§ Supplied data
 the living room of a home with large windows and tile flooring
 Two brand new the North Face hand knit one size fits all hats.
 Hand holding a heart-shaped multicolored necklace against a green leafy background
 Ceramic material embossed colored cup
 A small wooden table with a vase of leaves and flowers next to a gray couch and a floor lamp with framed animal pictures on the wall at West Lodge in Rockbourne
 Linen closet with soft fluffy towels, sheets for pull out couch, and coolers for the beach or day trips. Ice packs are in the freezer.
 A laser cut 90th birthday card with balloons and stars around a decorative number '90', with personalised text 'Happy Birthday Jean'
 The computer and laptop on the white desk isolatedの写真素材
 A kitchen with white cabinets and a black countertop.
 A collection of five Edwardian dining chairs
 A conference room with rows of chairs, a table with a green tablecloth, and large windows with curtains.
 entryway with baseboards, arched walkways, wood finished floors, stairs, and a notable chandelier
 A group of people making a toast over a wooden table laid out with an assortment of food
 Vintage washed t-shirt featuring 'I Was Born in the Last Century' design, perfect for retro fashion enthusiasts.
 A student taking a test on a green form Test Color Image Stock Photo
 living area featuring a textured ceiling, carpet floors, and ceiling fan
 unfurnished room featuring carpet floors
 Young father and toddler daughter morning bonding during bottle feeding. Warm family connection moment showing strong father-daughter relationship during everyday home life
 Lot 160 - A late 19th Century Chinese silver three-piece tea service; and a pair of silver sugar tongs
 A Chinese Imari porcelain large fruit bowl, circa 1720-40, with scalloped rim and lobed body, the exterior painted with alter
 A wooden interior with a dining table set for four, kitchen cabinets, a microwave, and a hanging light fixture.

§ What is being asked
Each line in the data that holds the string "dining" must be returned.

§ Result for this exercise
 A collection of five Edwardian dining chairs
 A wooden interior with a dining table set for four, kitchen cabinets, a microwave, and a hanging light fixture.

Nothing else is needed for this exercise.